Elham Parsaeimehr is a Ph.D. student in Department of Computer Engineering, Arak Branch, Islamic Azad University. She received a master’s degree in Computer Engineering from Science and Research branch, Islamic Azad University, Iran. Her research interests are datamining, machine learning, and text mining.

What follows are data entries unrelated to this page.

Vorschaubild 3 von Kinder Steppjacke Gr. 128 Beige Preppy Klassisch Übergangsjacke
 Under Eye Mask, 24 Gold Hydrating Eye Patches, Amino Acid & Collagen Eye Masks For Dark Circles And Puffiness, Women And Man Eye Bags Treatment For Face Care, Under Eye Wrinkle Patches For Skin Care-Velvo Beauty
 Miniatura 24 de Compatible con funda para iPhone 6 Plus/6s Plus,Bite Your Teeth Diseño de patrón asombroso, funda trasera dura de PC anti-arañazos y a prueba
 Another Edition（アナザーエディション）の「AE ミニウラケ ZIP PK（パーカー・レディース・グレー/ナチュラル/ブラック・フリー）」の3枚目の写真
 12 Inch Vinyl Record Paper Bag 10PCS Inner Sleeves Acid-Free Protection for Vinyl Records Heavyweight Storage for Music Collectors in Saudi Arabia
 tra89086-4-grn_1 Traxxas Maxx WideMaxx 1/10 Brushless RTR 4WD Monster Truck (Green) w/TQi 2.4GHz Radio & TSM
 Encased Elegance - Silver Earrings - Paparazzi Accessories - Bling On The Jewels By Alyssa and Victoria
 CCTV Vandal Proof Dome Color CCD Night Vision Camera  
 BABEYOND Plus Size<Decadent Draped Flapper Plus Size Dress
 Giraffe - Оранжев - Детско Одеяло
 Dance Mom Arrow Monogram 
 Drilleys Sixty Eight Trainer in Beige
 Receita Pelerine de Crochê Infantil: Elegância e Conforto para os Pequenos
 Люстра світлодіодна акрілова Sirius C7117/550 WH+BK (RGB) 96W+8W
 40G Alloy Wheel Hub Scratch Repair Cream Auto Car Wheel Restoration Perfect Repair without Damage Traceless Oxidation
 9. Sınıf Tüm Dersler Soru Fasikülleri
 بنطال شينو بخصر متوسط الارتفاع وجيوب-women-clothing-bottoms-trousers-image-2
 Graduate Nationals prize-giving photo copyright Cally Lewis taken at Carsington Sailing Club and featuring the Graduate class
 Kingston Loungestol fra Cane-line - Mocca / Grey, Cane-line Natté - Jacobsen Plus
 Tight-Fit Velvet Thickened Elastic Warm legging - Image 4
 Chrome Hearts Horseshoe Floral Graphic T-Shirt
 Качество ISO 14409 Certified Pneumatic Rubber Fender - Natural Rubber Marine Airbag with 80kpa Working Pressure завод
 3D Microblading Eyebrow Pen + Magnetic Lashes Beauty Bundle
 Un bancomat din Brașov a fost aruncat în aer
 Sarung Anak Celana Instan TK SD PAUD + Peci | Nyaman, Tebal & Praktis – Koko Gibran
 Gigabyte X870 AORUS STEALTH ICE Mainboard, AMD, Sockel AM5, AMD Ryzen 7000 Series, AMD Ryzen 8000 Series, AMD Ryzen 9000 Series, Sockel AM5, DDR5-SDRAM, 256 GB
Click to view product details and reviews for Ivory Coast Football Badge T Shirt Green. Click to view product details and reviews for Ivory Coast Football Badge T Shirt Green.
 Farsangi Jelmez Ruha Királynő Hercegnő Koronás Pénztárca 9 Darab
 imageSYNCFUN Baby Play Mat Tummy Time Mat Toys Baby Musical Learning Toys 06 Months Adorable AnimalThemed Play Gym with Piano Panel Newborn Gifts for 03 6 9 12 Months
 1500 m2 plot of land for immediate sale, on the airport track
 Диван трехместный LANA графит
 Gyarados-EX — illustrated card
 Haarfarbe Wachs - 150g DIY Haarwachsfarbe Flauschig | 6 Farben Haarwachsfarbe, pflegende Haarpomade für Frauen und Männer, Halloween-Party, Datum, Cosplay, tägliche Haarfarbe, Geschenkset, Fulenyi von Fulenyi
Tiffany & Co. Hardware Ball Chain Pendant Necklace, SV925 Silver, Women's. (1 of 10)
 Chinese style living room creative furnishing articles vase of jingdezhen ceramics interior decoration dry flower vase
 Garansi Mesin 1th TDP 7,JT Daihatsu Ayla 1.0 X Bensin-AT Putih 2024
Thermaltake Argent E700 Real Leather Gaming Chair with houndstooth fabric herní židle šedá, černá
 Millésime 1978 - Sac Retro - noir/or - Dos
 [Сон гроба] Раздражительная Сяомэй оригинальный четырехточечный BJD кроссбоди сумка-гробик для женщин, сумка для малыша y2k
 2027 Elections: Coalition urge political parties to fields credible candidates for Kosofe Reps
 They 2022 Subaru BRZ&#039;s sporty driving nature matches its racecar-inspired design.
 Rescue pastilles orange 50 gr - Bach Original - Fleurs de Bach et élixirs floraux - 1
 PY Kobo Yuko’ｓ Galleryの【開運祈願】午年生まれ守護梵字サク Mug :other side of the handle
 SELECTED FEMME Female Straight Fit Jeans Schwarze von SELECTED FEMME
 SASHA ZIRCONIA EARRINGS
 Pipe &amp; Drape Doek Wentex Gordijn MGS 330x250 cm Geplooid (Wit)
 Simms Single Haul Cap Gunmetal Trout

Mehdi Fartash received his Ph.D. from Science and Research Branch, Islamic Azad University, Tehran, Iran. He is currently an Assistant Professor in Department of Computer Engineering, Arak Branch, Islamic Azad University. His research interests are datamining, bio-inspired speech and acoustic processing, computational intelligence and Distributed computing.

Javad Akbari Torkestani received the Ph.D. degree in Computer Engineering from Science and Research University, Iran, in 2009. Currently, he is an Associate Professor with Department of Computer Engineering, Arak Branch, Islamic Azad University, Arak, Iran. Prior to his current position, he was an Assistant Professor from 2010 to 2013. He joined the faculty of Computer Engineering Department at Arak Azad University as a lecturer in 2005. His research interests include wireless networks, Web engineering, fault tolerant systems, grid computing, learning systems, parallel algorithms, soft computing, and datamining.